**Work instruction**
The required output is the exact text of the lines from the line containing "2026 Toyota Crown Limited" through the final line below, inclusive, without pictures.

(Caption-style text data)
○ ○ ○

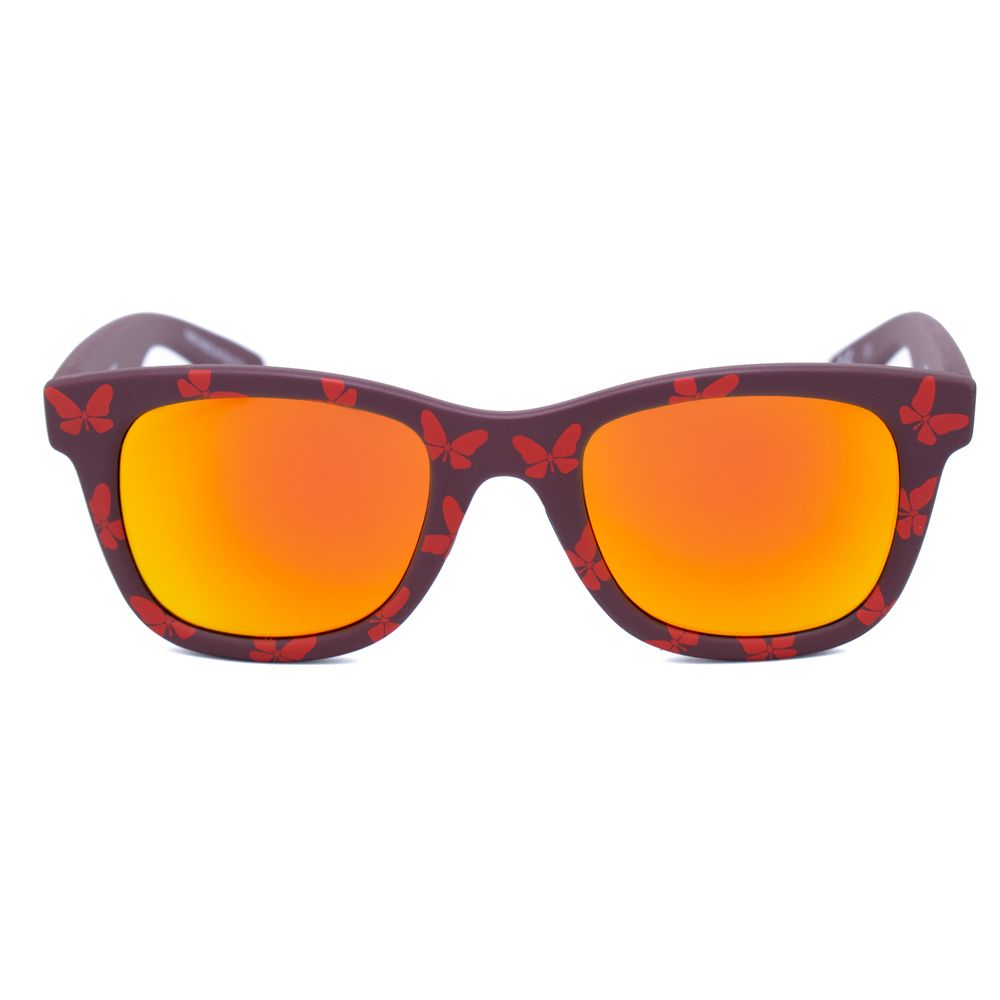 Bicolor Acetate Sunglasses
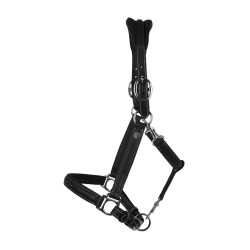 Caveção de Couro Extra Macio Working By Dy'on Preto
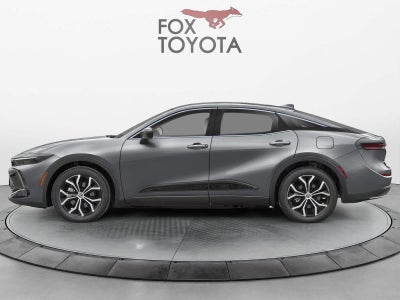 2026 Toyota Crown Limited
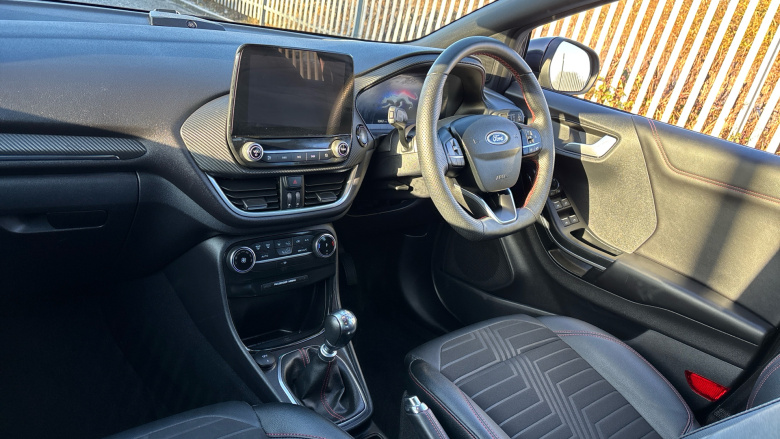 Ford Puma 1.0 EcoBoost Hybrid mHEV ST-Line X 5dr Petrol Hatchback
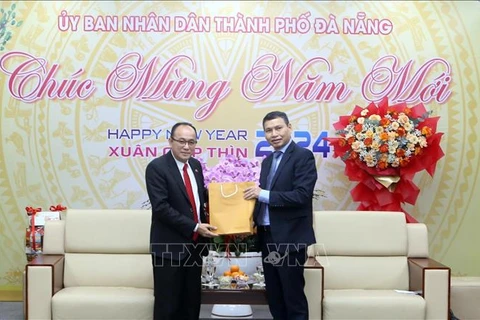 Dà Nang renforce sa coopération avec la province lao de Champassak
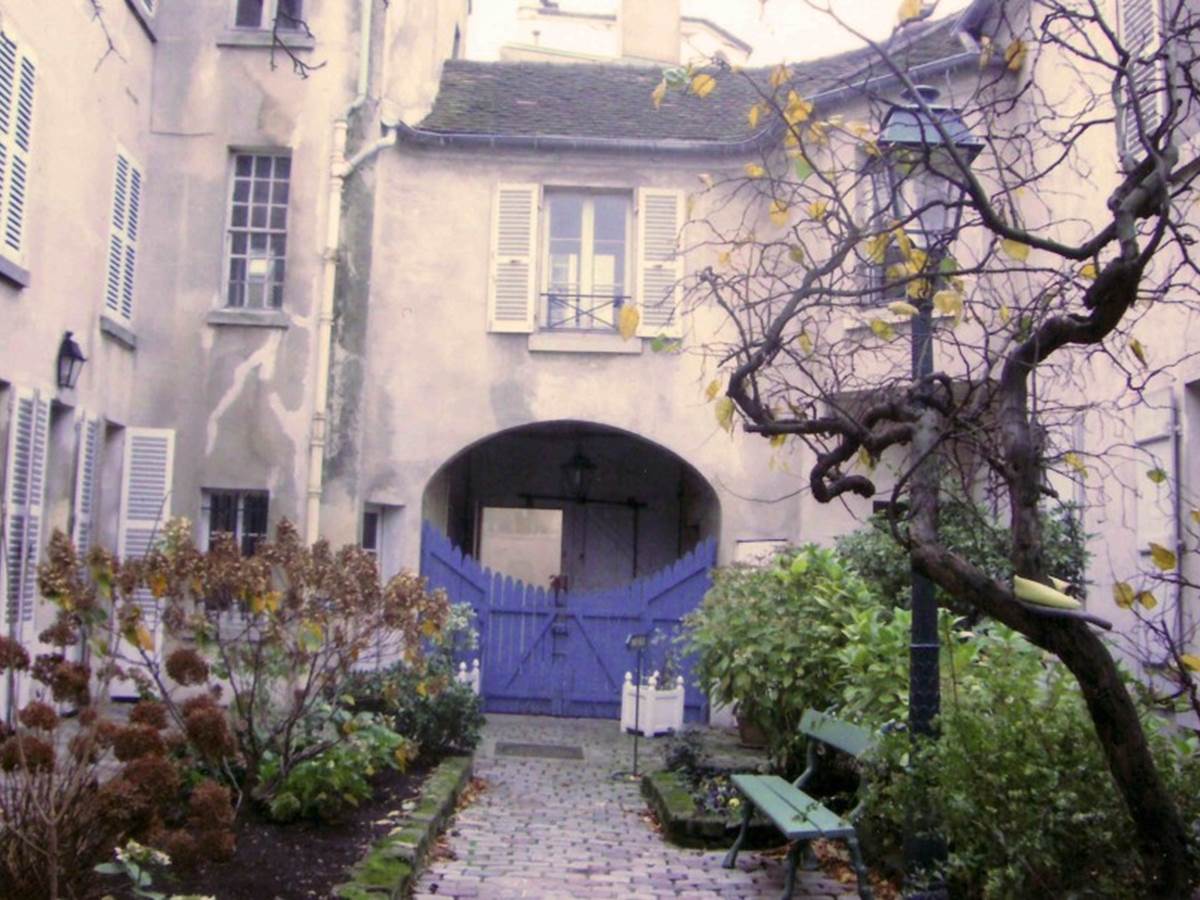 Musée de Montmartre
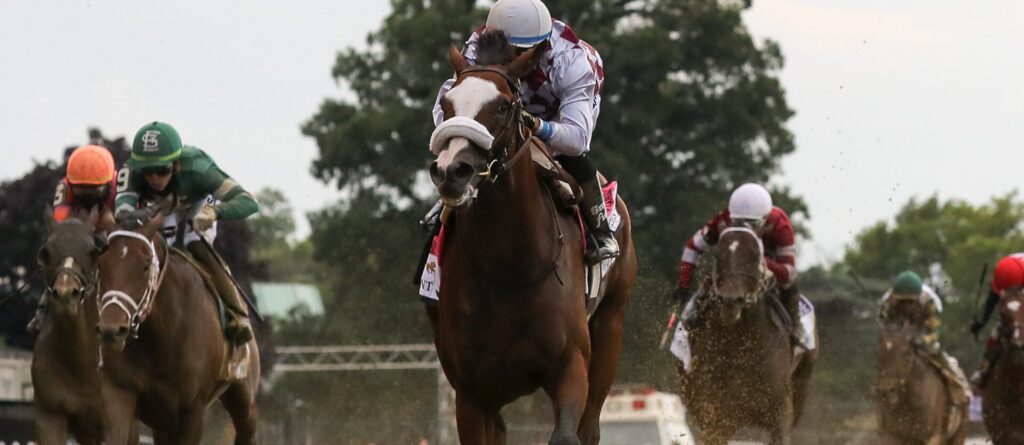 Belmont Stakes payouts results who won win place show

○ ○ ○

**Task output**
 2026 Toyota Crown Limited
 Ford Puma 1.0 EcoBoost Hybrid mHEV ST-Line X 5dr Petrol Hatchback
 Dà Nang renforce sa coopération avec la province lao de Champassak
 Musée de Montmartre
 Belmont Stakes payouts results who won win place show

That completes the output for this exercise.